Learning and Development (L &D) is my favorite area of the enterprise because it's where transformation becomes reality. Almost every technology implementation or strategic change initiative demands success from the training function. Otherwise, things often just stay the same.
By “things," I mean operations. But those operations are managed and executed by people – by actual human beings who need to gain (and use) new knowledge to make a transformation effort meaningful. And since the core objective of L&D is to help people learn to “do" differently, the goal of L&D leaders is to get learners there as effectively and efficiently as possible.
So what's the best way to unlock learning? Plenty of enterprise leaders are asking – and wondering whether technologies like blockchain, artificial intelligence (AI), or augmented reality (AR) have the answer. But the question isn't a new one; it's something folks have grappled with throughout history.
Here at Conduent, we tell leaders searching for the “next big thing" in L&D to remember that transformative learning isn't about abandoning all the old approaches for disruptive technology (though disruptive technology is absolutely a part of it). We believe the best corporate training programs embrace evolution while also investing in the most effective learning elements employed throughout history.
Training Through Time
Career training exists in continual evolution. I see the space as progressing through four different models over the last few centuries.

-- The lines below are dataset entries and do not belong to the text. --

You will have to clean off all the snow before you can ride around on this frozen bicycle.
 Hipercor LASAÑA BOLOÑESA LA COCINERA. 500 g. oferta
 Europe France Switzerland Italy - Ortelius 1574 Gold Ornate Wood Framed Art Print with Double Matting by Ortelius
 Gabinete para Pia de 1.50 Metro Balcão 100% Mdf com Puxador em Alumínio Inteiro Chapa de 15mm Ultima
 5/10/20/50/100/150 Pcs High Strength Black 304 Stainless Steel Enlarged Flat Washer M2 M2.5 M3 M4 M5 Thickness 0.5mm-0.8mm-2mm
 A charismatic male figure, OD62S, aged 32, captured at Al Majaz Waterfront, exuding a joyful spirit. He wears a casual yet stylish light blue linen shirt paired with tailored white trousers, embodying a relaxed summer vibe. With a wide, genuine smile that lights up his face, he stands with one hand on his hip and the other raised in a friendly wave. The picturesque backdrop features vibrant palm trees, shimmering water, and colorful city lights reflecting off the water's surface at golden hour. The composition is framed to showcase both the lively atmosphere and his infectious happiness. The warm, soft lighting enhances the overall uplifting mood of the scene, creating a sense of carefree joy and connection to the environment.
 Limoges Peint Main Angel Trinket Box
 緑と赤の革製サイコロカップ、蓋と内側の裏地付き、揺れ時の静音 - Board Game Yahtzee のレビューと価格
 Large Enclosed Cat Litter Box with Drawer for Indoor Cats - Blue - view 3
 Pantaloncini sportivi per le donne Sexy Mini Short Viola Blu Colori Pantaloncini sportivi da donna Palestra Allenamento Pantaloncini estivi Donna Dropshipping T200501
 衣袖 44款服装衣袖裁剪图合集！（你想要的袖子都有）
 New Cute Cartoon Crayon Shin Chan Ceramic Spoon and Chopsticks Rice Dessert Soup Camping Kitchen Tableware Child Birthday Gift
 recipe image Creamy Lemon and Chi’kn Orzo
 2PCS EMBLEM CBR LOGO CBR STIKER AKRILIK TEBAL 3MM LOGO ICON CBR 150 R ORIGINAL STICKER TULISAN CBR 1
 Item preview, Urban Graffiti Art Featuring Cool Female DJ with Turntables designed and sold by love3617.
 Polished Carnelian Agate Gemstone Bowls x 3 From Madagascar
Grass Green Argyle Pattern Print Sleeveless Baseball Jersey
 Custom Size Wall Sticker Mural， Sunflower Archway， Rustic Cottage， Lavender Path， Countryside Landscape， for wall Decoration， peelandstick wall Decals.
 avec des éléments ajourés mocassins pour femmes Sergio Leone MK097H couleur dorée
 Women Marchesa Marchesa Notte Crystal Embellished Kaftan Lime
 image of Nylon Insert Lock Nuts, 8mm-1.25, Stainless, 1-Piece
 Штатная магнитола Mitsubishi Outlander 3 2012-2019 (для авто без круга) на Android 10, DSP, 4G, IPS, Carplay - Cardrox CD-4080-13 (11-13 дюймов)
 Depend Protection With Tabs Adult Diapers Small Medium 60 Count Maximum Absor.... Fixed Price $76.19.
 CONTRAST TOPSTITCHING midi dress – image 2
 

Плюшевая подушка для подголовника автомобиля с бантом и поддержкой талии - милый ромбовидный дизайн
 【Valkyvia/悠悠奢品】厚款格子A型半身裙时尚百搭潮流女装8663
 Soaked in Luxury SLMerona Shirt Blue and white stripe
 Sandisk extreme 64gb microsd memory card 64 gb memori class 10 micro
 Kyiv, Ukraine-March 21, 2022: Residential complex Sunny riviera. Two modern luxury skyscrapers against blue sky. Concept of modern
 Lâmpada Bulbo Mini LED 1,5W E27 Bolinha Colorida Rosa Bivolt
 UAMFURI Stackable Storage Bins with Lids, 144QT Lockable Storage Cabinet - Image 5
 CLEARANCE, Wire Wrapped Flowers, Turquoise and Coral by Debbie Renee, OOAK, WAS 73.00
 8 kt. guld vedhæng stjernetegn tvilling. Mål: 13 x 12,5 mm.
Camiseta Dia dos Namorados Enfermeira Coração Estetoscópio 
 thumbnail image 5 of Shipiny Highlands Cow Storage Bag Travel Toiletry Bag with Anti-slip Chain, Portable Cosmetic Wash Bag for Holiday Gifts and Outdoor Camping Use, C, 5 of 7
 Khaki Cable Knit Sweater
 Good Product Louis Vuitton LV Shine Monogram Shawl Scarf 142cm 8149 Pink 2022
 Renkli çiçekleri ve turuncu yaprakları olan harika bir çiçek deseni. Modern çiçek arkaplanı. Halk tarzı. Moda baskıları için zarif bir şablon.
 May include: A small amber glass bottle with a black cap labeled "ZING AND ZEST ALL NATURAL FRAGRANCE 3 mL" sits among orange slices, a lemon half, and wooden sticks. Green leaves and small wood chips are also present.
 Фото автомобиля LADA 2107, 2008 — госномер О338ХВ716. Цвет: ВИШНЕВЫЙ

- The “probable destiny" model, in which individuals are born into professions based on their lot in life (or the work of their forebears) and trained on-the-job over time. Learners contribute more and more as they acquire greater knowledge and capability
- The apprenticeship model, in which aspiring craftsmen are trained by experienced mentors until acquiring enough knowledge and skill to operate independently for commercial gain. Once they reach mastery, they take on apprentices of their own
- The facilitator-led model, in which learners are instructed directly or indirectly by educators adhering to structured curricula. Learners' knowledge or aptitudes are assessed at various milestones on the path set by the facilitator (entity or individual)
- The learner-centric model, in which people seek out and consume the knowledge they want to gain, when they want to gain it. Learners consume only the knowledge they need or desire (often in pursuit of an outcome) and may disregard non-essential information
Each L&D model above progressed from the one before it, but none has ever entirely replaced any other. Technology has simply adapted our preferences and behaviors, and we've evolved our learning models in turn.
- In yesteryear, the rise of cities enabled “guilds" of skilled craftsmen to recruit and train newcomers to mastery.
- Today, our attachment to small-screen devices (and our preference for instant gratification) drives our interest in acquiring useful knowledge on demand.
And yet, all four learning models remain relevant to this day. People are still “born" into family businesses, for example, and apprenticeship programs are seeing a comeback as a way to fill labor gaps in government services and the skilled trades.
And while learner-centric training is certainly on the rise (with many pointing to “micro content" and “AI-curated content” as the latest trends), the facilitator-led model will never go away. Many learners prefer the structure and schedule of a defined curriculum.
How Machine Learning Fits in the Landscape
The extent to which each learning model (still) matters depends on the business and the industry. But I'd argue that every robust corporate training program should include elements of all four:
- On-the-job experience should unlock opportunities for growth and development;
- Skills-oriented mentorship should be available to every employee; and
- Learners should have access to both formal curricula (via MOOCs or certification programs) and hyper consumable on-demand content (like peer-to-peer training or standalone webinars).
The emergence of new technologies won't make any of that less true. It will simply create new models and delivery methods.
AI and AR, for example, are driving us toward a fifth model of learning (in which machines will essentially be “trained" to train us). But human learning will always be the only outcome that matters in L&D, so adoption should align with effectiveness.
Companies are smart to be exploring new technology, but there's little to implement yet.
- Most AI has limited “intelligence" beyond mimicking the data set it's trained on.
- AR is rising, but its use cases for knowledge delivery – such as overlaying instructor-led virtual directions onto machine parts for assembly – are still just tech-powered mimics of the old models.
All of which is to say that new solutions will always emerge to help drive human knowledge forward, but none will abandon the best elements of the past.
Conduent has decades of experience creating and delivering solutions to help humans learn. We believe that new technologies and machine learning will play a large role in the future of L&D, and we're prepared to help our clients fully take advantage of them.
As an end-to-end digital interactions company, we don't believe in delivering L&D in a vacuum: Many offerings in our broader solutions suite connect or integrate with the learning function, which helps clients track and manage training effectiveness across their operations as they integrate new solutions.
Our methods also ensure clients can migrate to a learner-centric model (and into machine learning, too) while staying efficient and effective in their existing L&D programs. That helps leaders ease their teams into the transition, earning stronger outcomes from the transformation at large.
Ultimately, L&D succeeds when a company's most valuable resource – its people – learn to do things differently. Training humans has never been easy, but the history of L&D has laid a foundation for us to improve on. Just don't be surprised if the future of training feels awfully familiar when it gets here.